EQT NYSE: EQT executives highlighted record free cash flow, accelerated debt reduction, and a growing slate of demand-linked infrastructure and supply opportunities during the company’s first-quarter 2026 earnings call.
Record free cash flow and “another record high” quarter
President and CEO Toby Rice said EQT generated “more than $1.8 billion of free cash flow in the first quarter,” calling it “another record high for EQT.” Rice framed the result as evidence of a multi-year transformation driven by EQT’s operating model and its vertical integration following the Equitrans acquisition.
Rice said EQT entered the current pricing environment “largely unhedged,” which he said allowed the company to capture upside from market volatility while accelerating deleveraging. He added that leverage is now “below 1x net debt to EBITDA” and that the company’s long-term “$5 billion net debt target” is “within reach by year-end.”
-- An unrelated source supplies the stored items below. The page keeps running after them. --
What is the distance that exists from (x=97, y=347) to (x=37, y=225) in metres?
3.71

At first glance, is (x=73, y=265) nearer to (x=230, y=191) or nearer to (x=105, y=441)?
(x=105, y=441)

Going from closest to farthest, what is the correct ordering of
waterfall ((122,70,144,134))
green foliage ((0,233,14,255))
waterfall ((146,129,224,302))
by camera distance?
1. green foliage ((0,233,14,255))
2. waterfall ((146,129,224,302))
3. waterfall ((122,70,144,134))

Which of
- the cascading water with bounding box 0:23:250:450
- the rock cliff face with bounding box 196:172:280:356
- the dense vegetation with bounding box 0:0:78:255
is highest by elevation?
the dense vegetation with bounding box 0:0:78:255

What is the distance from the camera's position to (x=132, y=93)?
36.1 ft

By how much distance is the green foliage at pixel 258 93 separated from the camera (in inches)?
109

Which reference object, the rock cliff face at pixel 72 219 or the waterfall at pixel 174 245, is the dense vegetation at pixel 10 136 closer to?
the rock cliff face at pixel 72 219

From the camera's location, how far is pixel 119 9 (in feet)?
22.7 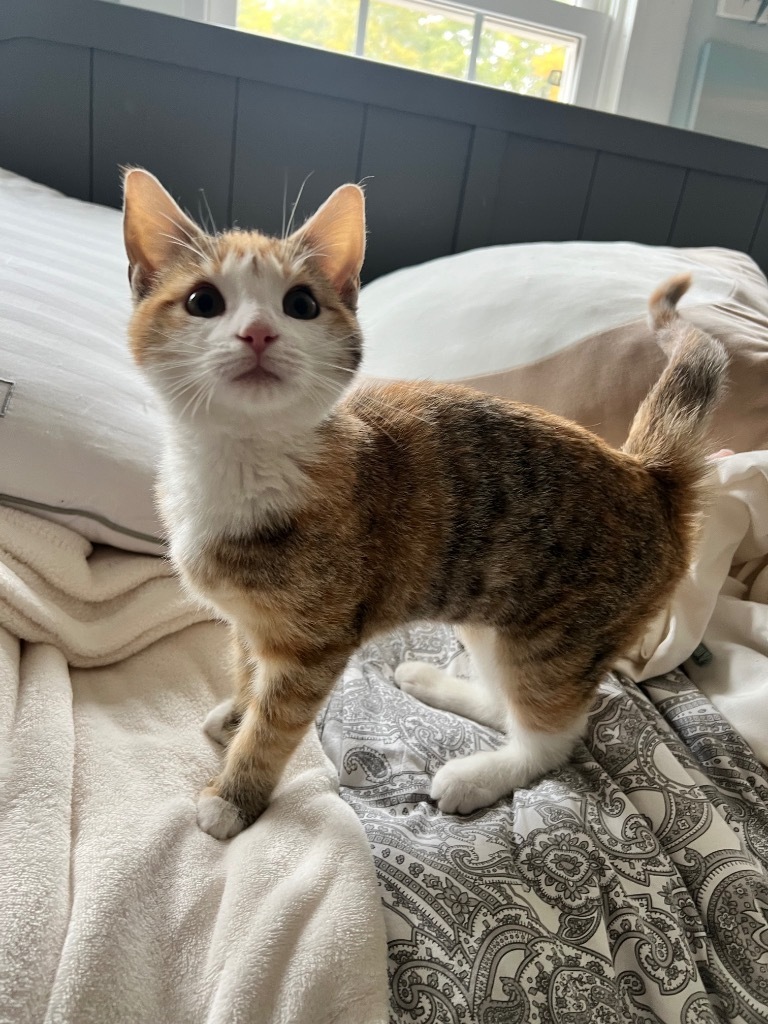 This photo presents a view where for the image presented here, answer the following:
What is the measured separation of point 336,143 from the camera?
1.76 m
CFO Jeremy Knop echoed the outperformance, saying EQT delivered sales volumes “above the high end of guidance” into peak winter pricing while cash operating expenses and capital costs were “below the low end of guidance.” Knop said the company generated more than $1.8 billion of free cash flow “before the effects of $475 million of working capital inflows.”
Debt retirement and credit upgrade
Knop said EQT allocated post-dividend free cash flow toward the balance sheet and “retired more than $1.7 billion of senior notes during the quarter.” The company ended the quarter with net debt “just under $5.7 billion,” according to Knop.
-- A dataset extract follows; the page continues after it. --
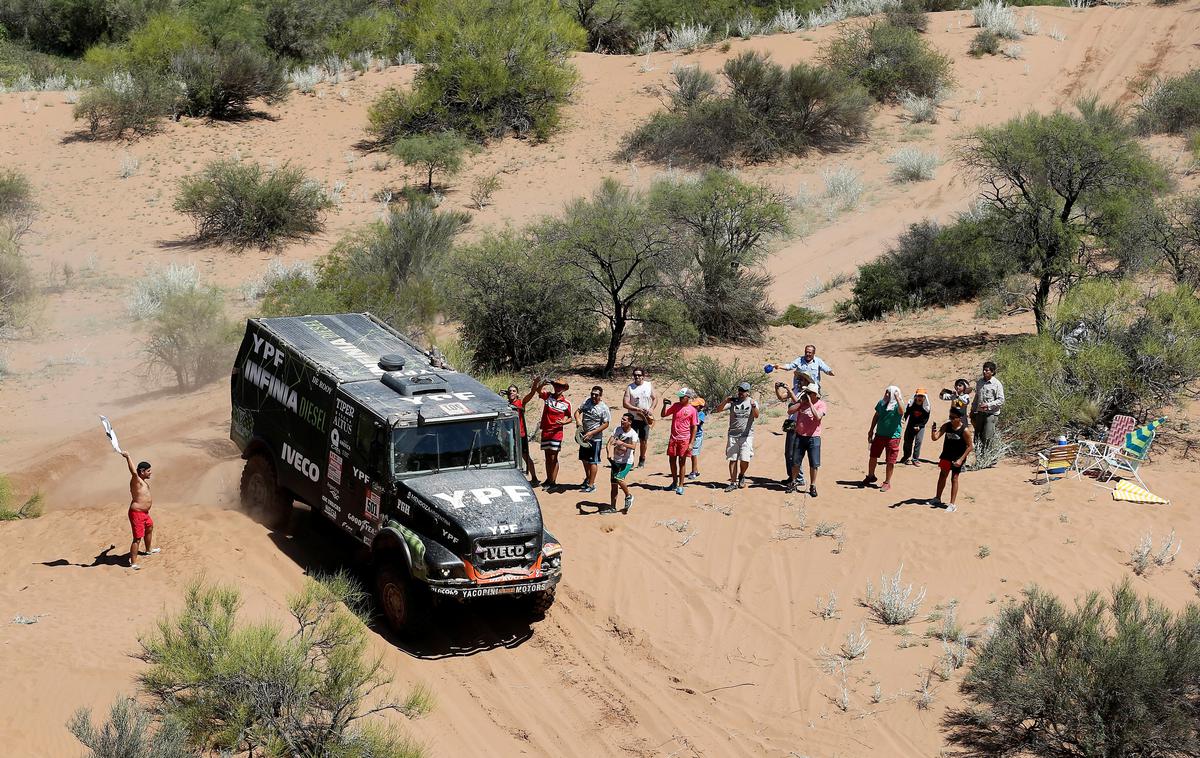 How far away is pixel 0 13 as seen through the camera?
177 feet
He added that Fitch upgraded EQT to BBB during the quarter, calling the move a milestone that strengthens the company’s brand and reduces financial risk as EQT expands its gas sales portfolio.
Knop also described how reduced leverage increases flexibility in capital allocation, including funding high-return projects, “base dividend growth,” accumulating cash, and repurchasing shares “during times of market weakness.”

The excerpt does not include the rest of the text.